As our male singers get better, it seems that the keys we are singing in are getting higher and higher. For me, I have always loved that. I love challenging myself with a higher song, stretching myself musically, and having to sing a little more passionately due to the higher register. But lately, I have started to notice a trend. Men aren't singing as much.
It bears repeating. Men aren't singing as much. As the songs get higher and higher for us trained musicians, men who don't claim to be singers clam up. Rather than try to sing something down an octave, they don't sing. Most regular guys have no clue how to sing a lower harmony on the spot these days. So, while we are on stage doing vocal acrobatics, they are in the congregation with their hands in their pockets and their mouths closed.

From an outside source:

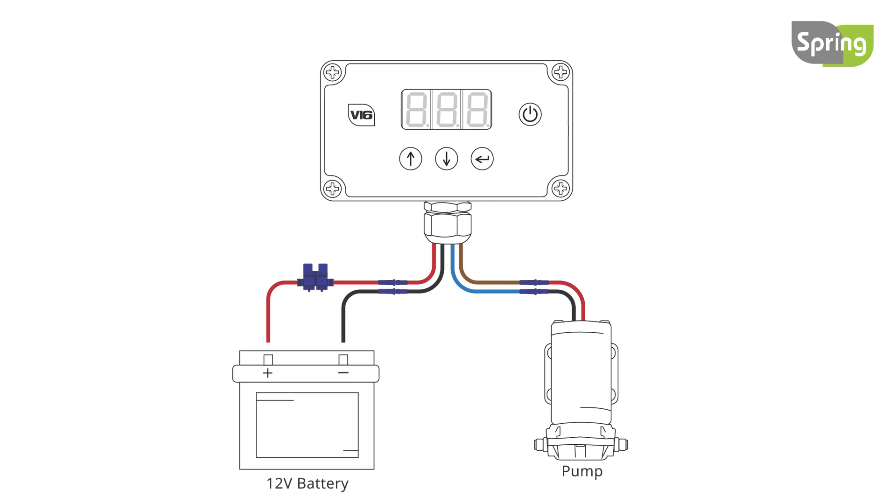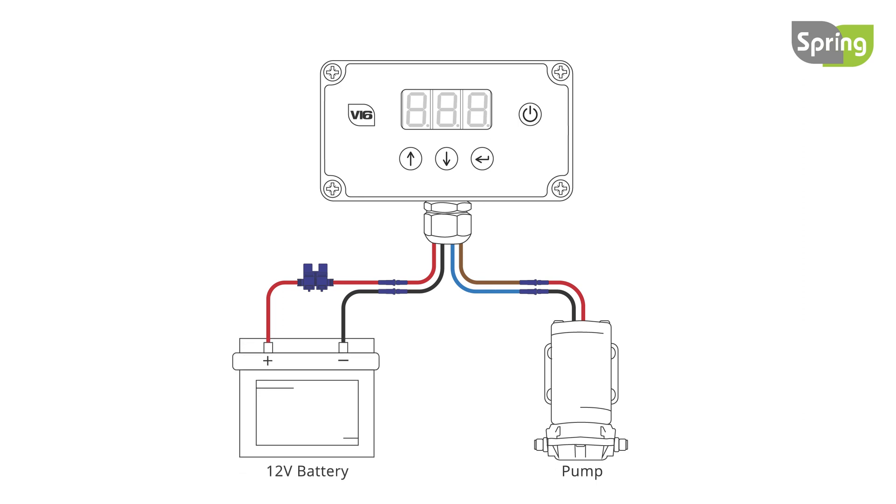Attach the black wire to the negative battery terminal and the red wire to the positive battery terminal. Finally, fit the fuse in the fuse holder. Fuses should only be fitted once all connections are made.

This trend is troubling to me on many levels. Firstly, men are passionate people, yet they don't express that to God. We've all heard the "if you do it at a sports event, you should do it at church" scenario. But honestly, "Take Me Out To The Ballgame" has never been too high for any guy to sing along with. You put men in a room where other people might hear their voice crack and squeal and then wonder why they aren't singing. It's embarrassing! Secondly, it bothers me because many families take their worship cues from the father. We have a man not singing. Now we have a wife and kids not singing. Pretty soon we have a church that is not singing. Men in the bible were some of the most passionate singers there were. David always sang passionately before the Lord. Peter and Paul would sing in prison with no concern of the other prisoners around them. Singing used to be a huge part of our society and culture, but in an age of headphones and iPhones, no one is gathering around the piano at home with the family to have singalongs anymore.
We as men need to rediscover our voices. And we as worship leaders need to stop showing off how great our range is, and focus on leading people to sing in worship (I'm definitely indicting myself here). Let's not lose our men. We need them to lead their families. And men, we need you to step up and make a joyful noise unto the Lord, even if it is a little out of your range.